_Data entries_
+-------+

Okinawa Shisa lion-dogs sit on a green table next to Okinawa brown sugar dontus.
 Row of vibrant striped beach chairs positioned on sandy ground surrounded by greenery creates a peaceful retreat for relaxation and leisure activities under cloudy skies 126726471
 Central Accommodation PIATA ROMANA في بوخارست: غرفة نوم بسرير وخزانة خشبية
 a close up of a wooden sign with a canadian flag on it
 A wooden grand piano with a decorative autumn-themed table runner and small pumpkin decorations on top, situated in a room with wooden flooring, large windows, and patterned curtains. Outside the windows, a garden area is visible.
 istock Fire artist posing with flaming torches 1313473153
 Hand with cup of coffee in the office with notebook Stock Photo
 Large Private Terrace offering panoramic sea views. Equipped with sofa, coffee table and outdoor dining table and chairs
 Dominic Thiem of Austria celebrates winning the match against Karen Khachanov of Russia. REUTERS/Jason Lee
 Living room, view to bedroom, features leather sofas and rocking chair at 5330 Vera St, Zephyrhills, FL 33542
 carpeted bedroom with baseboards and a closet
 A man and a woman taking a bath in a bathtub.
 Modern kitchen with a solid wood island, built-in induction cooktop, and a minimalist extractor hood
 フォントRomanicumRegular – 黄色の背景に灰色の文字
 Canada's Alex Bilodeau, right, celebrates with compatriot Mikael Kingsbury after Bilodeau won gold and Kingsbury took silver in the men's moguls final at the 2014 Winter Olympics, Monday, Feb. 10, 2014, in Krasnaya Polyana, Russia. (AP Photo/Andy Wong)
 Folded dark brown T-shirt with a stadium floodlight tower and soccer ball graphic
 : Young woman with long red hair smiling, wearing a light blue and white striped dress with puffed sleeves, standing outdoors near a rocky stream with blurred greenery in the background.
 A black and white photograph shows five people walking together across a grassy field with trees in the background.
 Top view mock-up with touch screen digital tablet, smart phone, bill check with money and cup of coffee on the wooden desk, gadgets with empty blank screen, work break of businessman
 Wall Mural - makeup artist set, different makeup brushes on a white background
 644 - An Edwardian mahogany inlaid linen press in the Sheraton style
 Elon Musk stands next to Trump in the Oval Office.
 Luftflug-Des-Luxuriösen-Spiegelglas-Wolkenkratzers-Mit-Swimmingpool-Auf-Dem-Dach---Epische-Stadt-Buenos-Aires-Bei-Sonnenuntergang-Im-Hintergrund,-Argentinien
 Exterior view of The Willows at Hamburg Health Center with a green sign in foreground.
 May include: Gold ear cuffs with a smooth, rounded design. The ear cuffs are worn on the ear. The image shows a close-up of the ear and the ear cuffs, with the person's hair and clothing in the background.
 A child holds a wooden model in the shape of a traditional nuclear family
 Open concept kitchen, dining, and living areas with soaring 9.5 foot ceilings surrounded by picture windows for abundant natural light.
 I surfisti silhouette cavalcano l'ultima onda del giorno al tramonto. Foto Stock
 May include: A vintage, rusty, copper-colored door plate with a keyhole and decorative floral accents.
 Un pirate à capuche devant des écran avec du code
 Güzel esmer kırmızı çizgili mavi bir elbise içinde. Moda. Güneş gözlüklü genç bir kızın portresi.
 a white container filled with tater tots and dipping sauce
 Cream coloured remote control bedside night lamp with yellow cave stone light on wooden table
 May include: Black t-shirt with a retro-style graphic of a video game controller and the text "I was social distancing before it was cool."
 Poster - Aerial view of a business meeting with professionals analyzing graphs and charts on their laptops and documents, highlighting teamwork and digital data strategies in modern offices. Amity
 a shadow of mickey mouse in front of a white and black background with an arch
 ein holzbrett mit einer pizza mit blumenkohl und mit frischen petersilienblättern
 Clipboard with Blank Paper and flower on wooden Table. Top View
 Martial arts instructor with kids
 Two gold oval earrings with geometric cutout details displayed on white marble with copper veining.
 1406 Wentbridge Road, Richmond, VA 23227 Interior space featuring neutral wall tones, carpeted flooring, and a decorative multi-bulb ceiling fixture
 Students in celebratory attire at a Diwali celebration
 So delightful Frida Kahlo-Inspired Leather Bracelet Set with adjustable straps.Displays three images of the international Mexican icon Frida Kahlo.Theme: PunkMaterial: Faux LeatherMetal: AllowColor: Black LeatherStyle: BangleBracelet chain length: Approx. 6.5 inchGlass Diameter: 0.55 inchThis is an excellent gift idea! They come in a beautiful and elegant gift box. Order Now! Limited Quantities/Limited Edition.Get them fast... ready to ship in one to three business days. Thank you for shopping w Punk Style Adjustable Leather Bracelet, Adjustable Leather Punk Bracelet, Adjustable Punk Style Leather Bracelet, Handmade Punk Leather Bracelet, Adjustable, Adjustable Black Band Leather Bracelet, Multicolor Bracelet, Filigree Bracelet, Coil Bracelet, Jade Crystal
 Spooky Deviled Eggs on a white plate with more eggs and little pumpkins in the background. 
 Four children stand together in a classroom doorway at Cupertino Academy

+-------+

_Work to complete_
After locating the line with "Wall Mural - makeup" above, return that line and every later line through the one with "I surfisti silhouette", word for word and with nothing else.

_Expected answer_
 Wall Mural - makeup artist set, different makeup brushes on a white background
 644 - An Edwardian mahogany inlaid linen press in the Sheraton style
 Elon Musk stands next to Trump in the Oval Office.
 Luftflug-Des-Luxuriösen-Spiegelglas-Wolkenkratzers-Mit-Swimmingpool-Auf-Dem-Dach---Epische-Stadt-Buenos-Aires-Bei-Sonnenuntergang-Im-Hintergrund,-Argentinien
 Exterior view of The Willows at Hamburg Health Center with a green sign in foreground.
 May include: Gold ear cuffs with a smooth, rounded design. The ear cuffs are worn on the ear. The image shows a close-up of the ear and the ear cuffs, with the person's hair and clothing in the background.
 A child holds a wooden model in the shape of a traditional nuclear family
 Open concept kitchen, dining, and living areas with soaring 9.5 foot ceilings surrounded by picture windows for abundant natural light.
 I surfisti silhouette cavalcano l'ultima onda del giorno al tramonto. Foto Stock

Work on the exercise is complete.